Thursday, January 3, 2019

In an open letter, Agnivesh praises women of Kerala, CM Pinarayi Vijayan


Kerala under Pinarayi Vijayan is becoming a laboratory for the democratic self-assertion of women.


I congratulate the two young women of Kerala – Bindu and Kanaka Durga – who have, in breaking the obscurantist, discriminative custom imposed on Sabarimala by Brahmanical patriarchy, raised the banner for women’s liberation and empowerment for all oppressed women in India. If the women’s wall on the New Year day demonstrated the collective power of women in Kerala, this act of exemplary bravery highlights its very source –the awesome willpower of individual women, who will endure no longer the oppression of obscurantist religious customs and practices.

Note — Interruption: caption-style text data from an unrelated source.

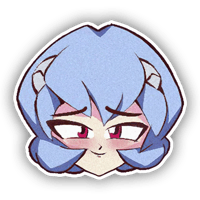 sticker image #12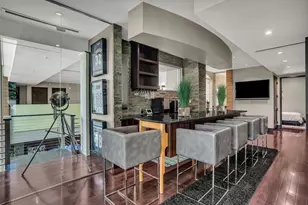 1001 Red Wing Ct, Mansfield, TX 76063 - Photo 32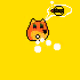110452245067414268814116210087277694676475437627032039660430080546706865258497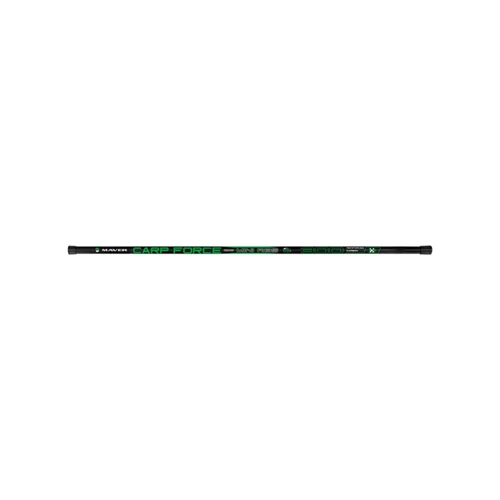Maver Mini Pole Carp Force 4M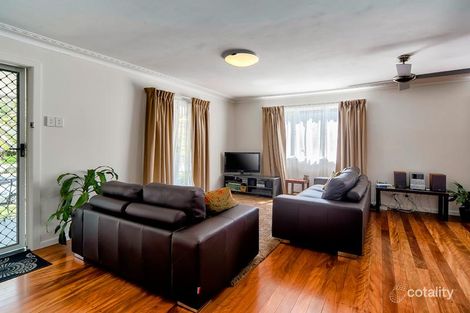 Property photo of 21 Glenhaven Street Kedron QLD 4031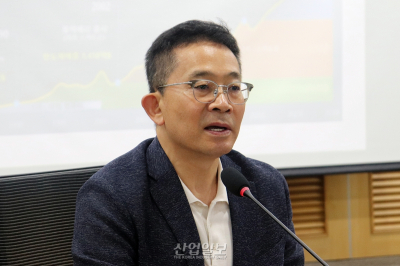 반도체 산업, 패키징 분야 동반성장 고려해야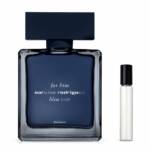 For Him Bleu Noir - Parfum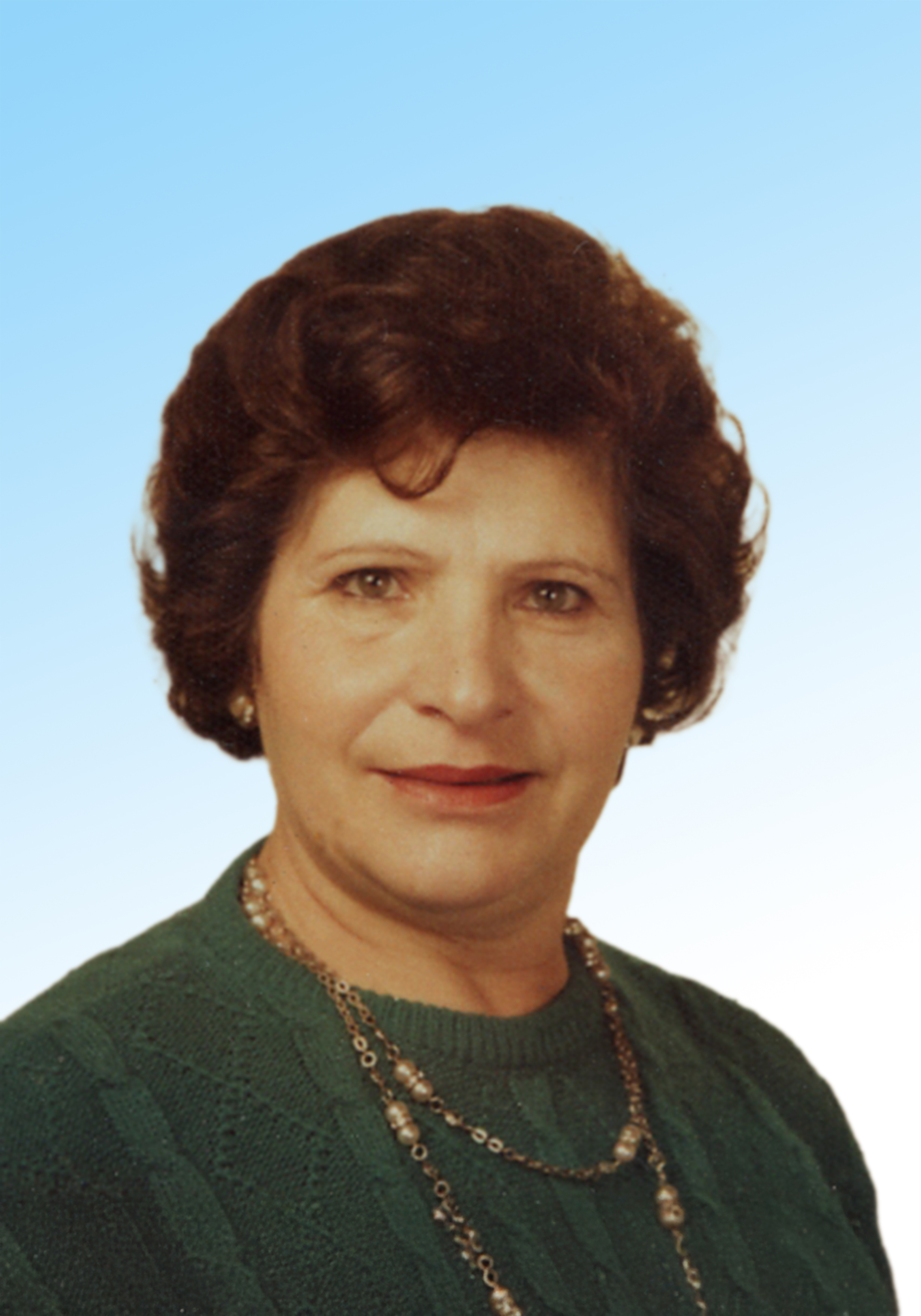 SILANO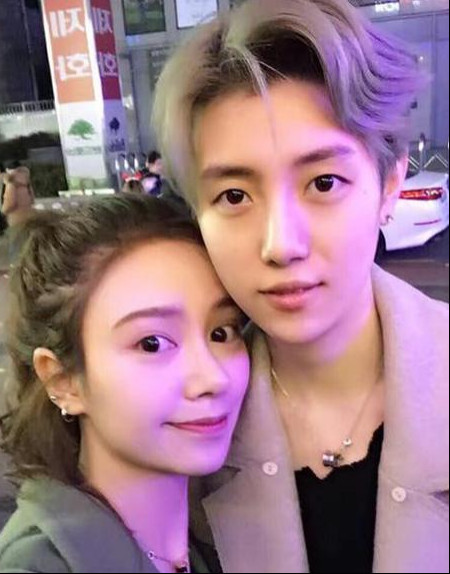 �����󽿽�markΪʲô���� �󽿽��������������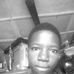 Abraham Isa - Facebook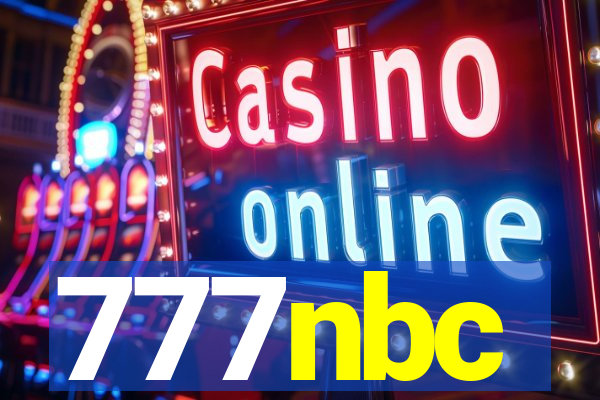 777nbc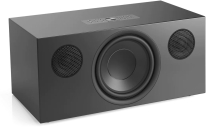 Audio Pro C20 (Black)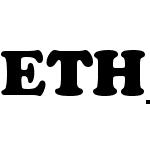 ETH_B_gofa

If Gujarat under Narendra Modi was turned into a Hindutva laboratory, Kerala under Pinarayi Vijayan is becoming the laboratory for the democratic self-assertion of women. It is significant that women are at the forefront of this historic upsurge of resistance. I have no doubt at all that women’s firm resolve and noble courage will stall and beat back the invasion of Kerala by parivar mercenaries and anarchists.


It is significant that the women who constituted the Navodhana wall of resistance to fascist forces on the New Year day, the longest in history, were predominantly Hindu. They are authentic Hindus, wise enough to know that Hindutva is the greatest danger to Hinduism. While Hinduism respects women, aggressive, male-dominated Hindutva wants to keep them subjugated and degraded. The women of Kerala have declared unequivocally that they will fight these regressive forces to the finish.

I appeal to all Indians to be in solidarity with the people of Kerala, as they negotiate this difficult phase in their history. They are being punished for the sinking fortunes of the BJP in its traditional strongholds. The desperation with which the RSS and the BJP are trying to infiltrate into Kerala is necessitated by their need to compensate for huge erosion in their popularity in north India.

Kerala is paying the price for Modi’s lust for power and the maniacal desire to hang on. I have good reasons to believe that the Sangh parivar will meet it with its Waterloo in ‘God’s own Country’. Ironically, the slap on its face will be dealt not by a decorated military leader, but the discriminated-against women of Kerala, who have gained for themselves a voice and a mission that their counterparts in India need to emulate.